Gruppentext V: Unten Versus Oben

Gruppengeschichte Stories

P1: Sie sah aus wie eines dieser Billig-Souvenirs mit einem Schneemann oder einer berühmten Stadt darin samt in Flüssigkeit eingelagerten Schneeflocken, die nach dem Schütteln der Kugel langsam herabrieseln, eben so, als würde es schneien. Verblüffend simpel und doch irgendwie faszinierend, jedenfalls beim ersten bis fünfzigsten Mal, antiproportional abhängig vom Alter der schüttelnden Person. Irgendwann fängt das Ding dann an, einen grässlich zu langweilen, man deponiert es in einem Regal und vergisst es. Jahre später entdeckt man das Souvenir dann vielleicht wieder, befreit es vom Staub und wägt ab, ob die daran geknüpfte Erinnerung es wert ist, die Kugel noch ein paar Jahre länger stehen zu lassen oder ob man sie gleich in den nächsten Mülleimer werfen soll. Genau so ein Ding war das.
Und dieses Ding barg augenscheinlich eine Menge Erinnerungen. Es befand sich keine Flüssigkeit mehr im Glas, die war wohl irgendwann verdunstet oder ausgelaufen, vermutlich durch das kleine Loch oben in der Kugel. Nur ein hoffnungsloser Nostalgiker würde so einen Müll behalten. Apropos… ich sah mich kurz um. Nein, noch immer keine Spur vom Professor.
Vorsichtig hob ich die Schneekugel hoch. Nicht einmal ein Schneemann war darin. Nur ein verschneites Häuschen zwischen dunkelgrünen Tännchen. Dafür aber erstaunlich detailgetreu. Mit zu Schlitzen verengten Augen sah ich mir die Landschaft genauer an. Irgendwas daran war komisch. Ob sich der Kunstschnee wohl immer noch bewegen liess? Gerade wollte ich es ausprobieren, als sich plötzlich zwischen den winzig kleinen Tannen eine winzig kleine Tür öffnete.

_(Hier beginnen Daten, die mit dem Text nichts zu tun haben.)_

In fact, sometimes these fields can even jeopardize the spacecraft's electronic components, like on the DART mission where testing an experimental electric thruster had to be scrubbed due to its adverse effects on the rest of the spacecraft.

P2: Ich sehe ihn, den winzig kleinen Mann mit buntem Hut und dem Bart, der ihm bis zu seinen Füssen begleitet. Er kommt auf mich zu und ich beginne langsam seine Kleidung zu analysieren. Kurze schwarze Kniebundhosen mit seltsamen Eingravierungen, unpassend zu dem trägt er eine weisse Weste. Also ganz weiss ist die Weste dann doch nicht. Als der kleine Mann vor meiner Nase steht, erkenne ich so mancherlei braune Flecken, die für mich aussehen, wie wenn jemand ihn mit Erde beschossen hätte. Und weil er so winzig ist, musste ich meine Nase aus dem Blickfeld nehmen, um ihn anschauen zu können, während dem er spricht.”Du hast mein Haus verwüstet, weiss denn keiner mehr, dass Leute in Häusern wohnen?,” seine Stimme klingt piepsig, und dass er empört die winzigen Hände in die Seiten gestützt hat, hilft auch nicht gerade. Ich beginne zu lachen.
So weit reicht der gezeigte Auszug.